Describing themselves as a couple of Auckland teens who hung out on K Rd, doing "punk rock shit" when everyone else was listening to "overworked, limp wristed pop-rock", Emily Littler and Billie Rogers bribed original drummer Mikey Sperring with beer and weed to form the three-piece initially known as Mean Street.
The band first gained radio exposure from a demo version of ‘You Do the Maths’, which appeared on the 95bFM Top 10 less than a year after their inception.
Throughout 2008 and 2009, Mean Street played regularly in Auckland, gaining a reputation as one of the hardest working bands in the city and fostering a punk rock attitude.
Creative differences and growing commitment from Littler and Rogers eventually led to the departure of Sperring on drums, who opted for the surf-groove sound of The Drab Doo-Riffs.
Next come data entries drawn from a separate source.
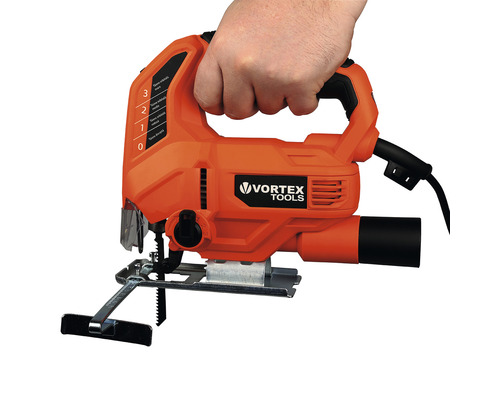 Fierăstrău vertical portocaliu cu o mână pe mâner și logo-ul Vortex Tools.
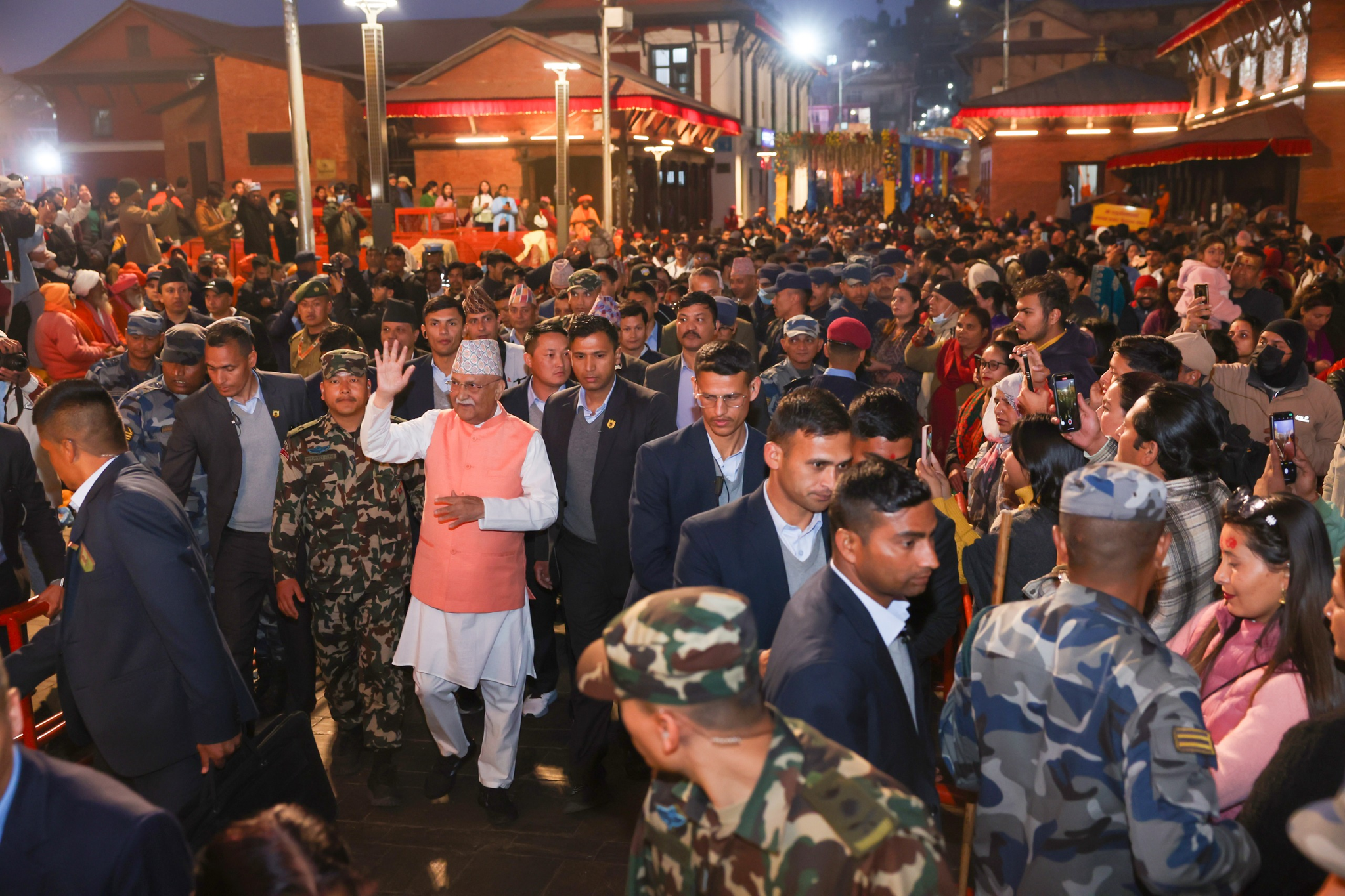 महाशिवरात्रिको पूर्वसन्ध्यामा ओली पुगे पशुपति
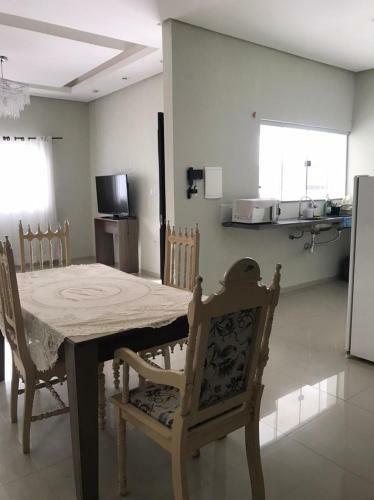 Casa Ampla E Confort�vel Pr�ximo Ao Centro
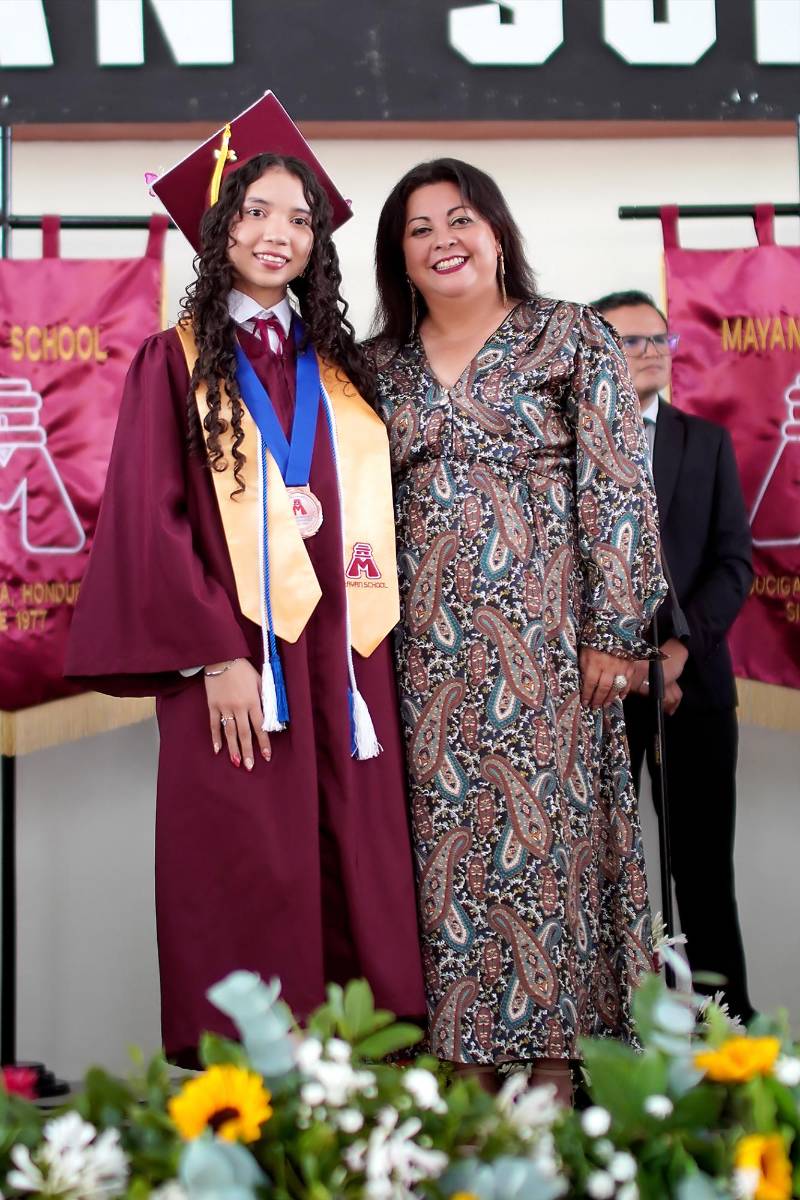 Graduación de los seniors 2026 de Mayan School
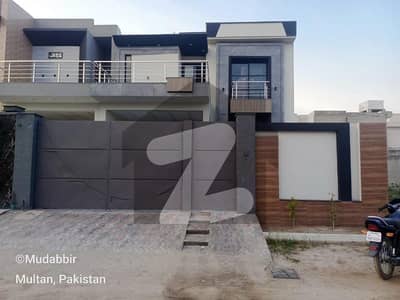 Spacious Prime Location 8 Marla House Available For sale In Shalimar Colony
Sperring was replaced by Alex Brown, formerly of frantic Point Chevalier punk group The DHDFDs.
Mean Street then became Street Chant, considered by all three members to be a different band, despite playing some of the same songs.
Street Chant continued to ride the wave of exposure created by hustling shows in Auckland every weekend, securing support slots for a nationwide tour with Flying Nun legends The 3Ds, and an opening spot for The Dead Weather’s Australasian jaunt.
Alongside a hard working reputation, the band also became known for Littler’s fiery attitude, which has resulted in her throwing microphone stands off stage and ramming guitars through kick drums.
Mid-2010 saw the release of the debut album Means on Arch Hill Recordings, a signing initiated after a MySpace message from label owner Ben Howe expressed interest in releasing their material.
The album was generally well received, earning the band a victory in the inaugural Critics’ Choice category at the 2010 New Zealand Music Awards.
Means was recorded and engineered by Bob Frisbee, considered by Street Chant to be instrumental in the evolution of the group from drunk, stoned, screaming teenagers into musicians able to make conscious decisions about sonic experience and vocal tone. The album was generally well received, earning the band a victory in the inaugural Critics’ Choice category at the 2010 New Zealand Music Awards.
Street Chant headed to the USA in 2011 for the CMJ Music Marathon, South by Southwest Music Conference and a West Coast tour with The Lemonheads, brought about after Evan Dando saw a video of Littler wearing a 3Ds T-shirt (one of his favourite groups, and ex-tour buddies) while playing a bFM ‘In Session’ performance. Street Chant also began work on a follow-up to Means at Arch Hill Studios, Neil Finn’s Roundhead Studios, and Littler’s house, where she prefers to work on her vocals.
In April 2012, listeners caught a glimpse of work from the upcoming album with a double A-side 7-inch, ‘Frail Girls’/‘Salad Daze’, accompanied by videos directed by Levi Beamish and Damian Golfinopoulos. To follow the single, Street Chant released ‘Sink’ in December, a song – according to their Bandcamp page – “telling tales of debaucherous Auckland groundhog nights out”. ‘Sink’ remains the most pop-ready song the group have released to date, with overdubbed, catchy vocal melodies reminiscent of 1990s pop-punk from the United States.
In 2013, they released an EP of throwaways and B-sides called Isthmus of One-Thousand Lovers, sold with a band T-shirt designed by Auckland street-wear brand Arcade. Isthmus features five tracks, with Street Chant reaching to unfamiliar acoustic territory on ‘Tear My Whole Face Off’ and covering Blam Blam Blam’s classic ‘There Is No Depression In New Zealand’.
Singles ‘Never’ and ‘Pedestrian Support League’ were released in 2015, in advance of their album Hauora, released through Arch Hill Recordings in 2016. In 2017 Street Chant was awarded the Taite Music Prize for Hauora.